Mubadala Investment Co. (Abu Dhabi), owner of Compania Espanola de Petroleos (Cepsa; Madrid), an energy and chemicals producer, is considering a public listing or sale of a stake in Cepsa, a spokesman for Mubadala has confirmed.
“Mubadala Investment Company can confirm it is working in collaboration with the management of Cepsa to assess a range of strategic options to diversify Cepsa’s shareholder base. Options under consideration will include a potential listing, strategic partnerships and the involvement of other investors. Cepsa has demonstrated excellent performance from its integrated operations,” Mubadala tells CW, adding that Cepsa represents a successful ongoing investment for Mubadala. “We believe it would prove an attractive investment in the market,” Mubadala says.
Cepsa’s revenue in 2017 rose 16% to €20.8 billion ($25.6 billion). The company processed 154.7 million bbl of oil and produced 21.4 million tons of oil derivatives. Cepsa’s chemical operations are grouped into three main business lines: linear alkyl benzene (LAB), in which Cepsa is the world leader; phenol/acetone; and solvents. In 2017, Cepsa launched a new business line following the start-up of a plant at Dumai, Indonesia, for the production of alcohol and fatty acids from natural sources, which are used to manufacture personal care products and household cleaning goods.

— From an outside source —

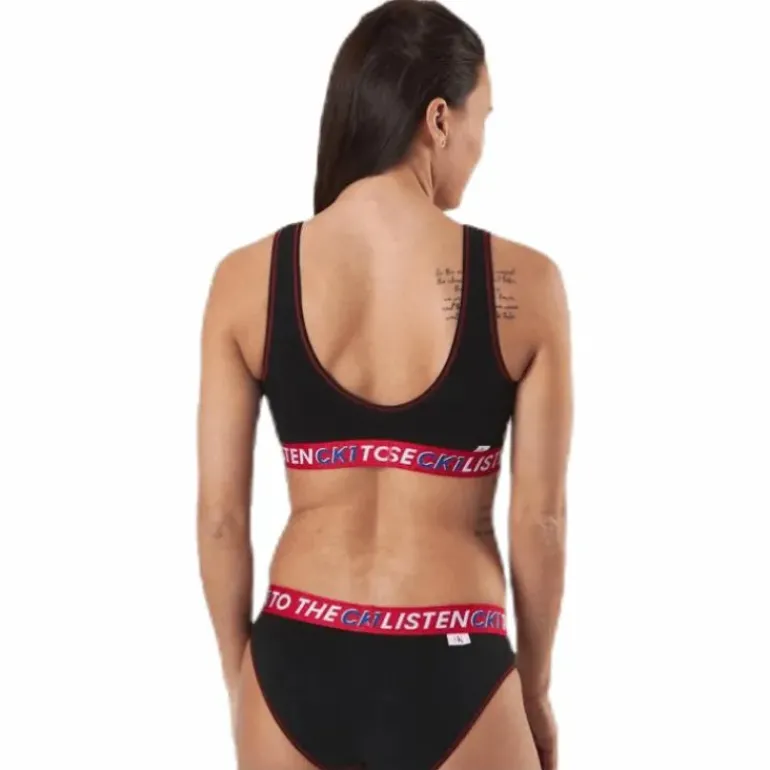 Ck One Listen Unlined Bralette Black/Red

The company has also developed a project to expand its plant in Brazil, strengthening its position in LAB, and it has signed an agreement with the Abu Dhabi National Oil Co. to study the construction of a new LAB plant at Ruwais, Abu Dhabi.
In 2011, Mubadala’s predecessor, the International Petroleum Investment Co., acquired Total’s 48.83% interest in Cepsa for €3.7 billion, making it a wholly owned subsidiary.